At a cabinet meeting Sunday, Rouhani said government bodies must provide “space for criticism,” but also warned protesters that violence was unacceptable.
As the protests have gathered steam, the government has blamed “hostile elements” based abroad.
But others suspect Rouhani’s hard-line rivals of stoking the initial unrest.
They point to rare statements of support for the protesters from hard-line clerics such as Mashhad’s Friday prayers leader Ayatollah Ahmad Alamolhoda, who described their demands as “justified.”
“There is evidence, particularly in Mashhad, that protests were directed for political gain,” Tehran-based analyst Amir Mohebbian told the Tasnim news agency.

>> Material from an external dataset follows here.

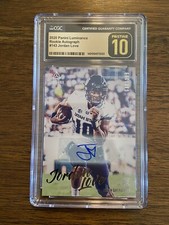 CGC 10 PRISTINE 2020 Jordan Love Panini Luminance Rookie Autograph #143 /299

“Naturally they did not expect such a surge. One cannot play with protests,” he added.

Nonetheless, anger over economic issues has been palpable in recent years, and dominated the last election in May.
Minor protests have been bubbling away: in the weeks leading up to the current unrest, the union-linked ILNA news agency reported on hundreds of oil workers and truck drivers protesting the late payment of wages; tractor makers in Tabriz against their factory’s closure; and Tehran tire workers at bonuses being delayed.
A major groundswell of anger has also been building over the collapse of unauthorized lending companies that left millions of investors out of pocket.
These companies mushroomed in the financial free-for-all under former president Mahmoud Ahmadinejad, lending wildly during the construction boom and collapsing when the bubble burst.
Rouhani said in December that such lending companies had captured a quarter of the financial market with three to four million accounts by the time he took power in 2013 and started shutting them down.
“I’m not surprised by these recent protests. For the past two years, we have witnessed street protests against banks and credit institutions,” said Tehran-based political analyst Mojtaba Mousavi.
“Everyone says the protesters right now are from the lower class, but many are middle class people who lost lots of their assets,” he told AFP.

All this has combined with a wider sense that corruption and a rigged system have created immense wealth for a narrow elite, while a stifled media and lack of civil liberties have left few avenues for complaint — a point even hard-liners have begun to accept.
“Our constitution recognizes the right to protest but in practice there is no mechanism to do so,” Gholamreza Mesbahi Moghaddam, spokesman for the conservative Combatant Clergy Association, told the ISNA news agency.
“Officials should listen to the people. The media, too, has a responsibility to cover the protests.”
With no clear leadership structure behind the protests, analysts remain doubtful that they could evolve into a serious threat to the regime.
Some see the shift to political slogans as a boon for the authorities, allowing them to crack down on protesters as anti-social and violent elements.
“The system prefers political protests over economic because they’re easier to control,” said Mousavi.
“People protesting economic issues will give up when it turns political because unrest can only worsen the economic situation of the country.”